School board member Wihby named state director for Sen. Ayotte
CONCORD - Longtime Deputy Labor Commissioner David Wihby has been named state director for U.S. Sen. Kelly Ayotte.
Wihby said the last day of his 25-year run in the number two post at the Labor Department will end March 6 and that he begins his new job March 10.
"My family feels and, I think, Kelly feels that it's a good fit," Wihby said. "I'm anxious to get started."
Wihby said he sees a lot of similarities between the two roles and said his transition should be smooth.
"I'm still helping constituents of the state," he said. "It's almost the same type of role. Now it's just on the federal level."
He said he isn't nervous about giving up a seemingly secure job for a political appointment that could disappear if Ayotte, a Republican serving her first term, should not win reelection in 2016. "As long as Kelly keeps doing a good job," she should be reelected, he said.
In a statement, Ayotte said Wihby will replace Orville "Bud" Fitch II, who has served as state director since she took office in January 2011. Fitch will take on the position of legal counsel for her Senate office, she said.
"Bud has an outstanding legal background, and I look forward to receiving his advice and counsel as I address legislative issues," Ayotte said in a prepared statement. "David Wihby brings extensive experience in state and local government to the position of state director, and he will help me continue to provide New Hampshire citizens with the efficient and effective constituent service they deserve."

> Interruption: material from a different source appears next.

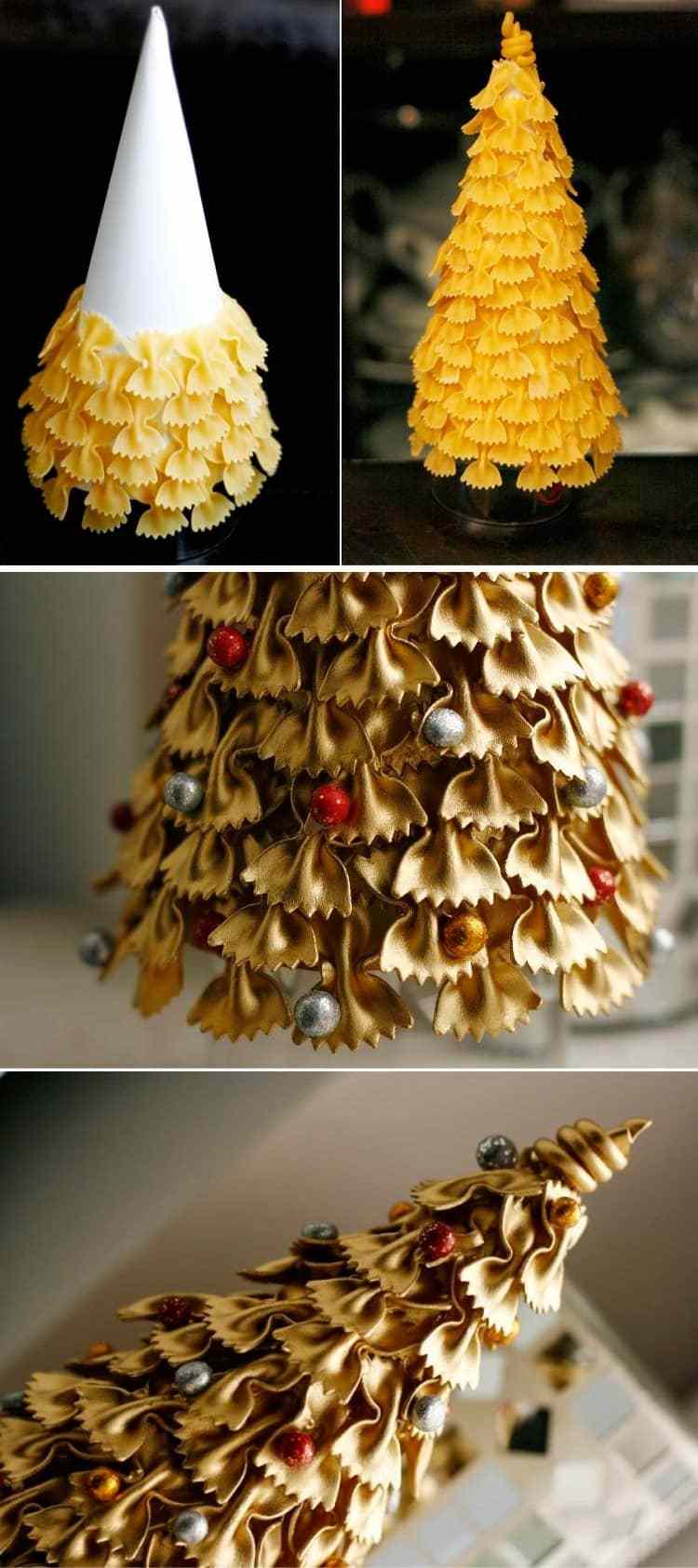 اصنع شجرة عيد الميلاد الخاصة بك من الستايروفوم والمعكرونة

Labor Commissioner James Craig said he's sorry to see Wihby go.
"Although I'm not happy to lose him, I understand his decision and I wish him all the best," Craig said. "Dave and I are friends. There is nothing but good will between us."
Marc Goldberg, spokesman for Gov. Maggie Hassan, said: "The governor appreciates Dave Wihby's service to the people of New Hampshire and wishes him all the best in the future."
Wihby, a Manchester school board member who previously served 18 years as a Manchester alderman, said he is not planning to resign from the school board.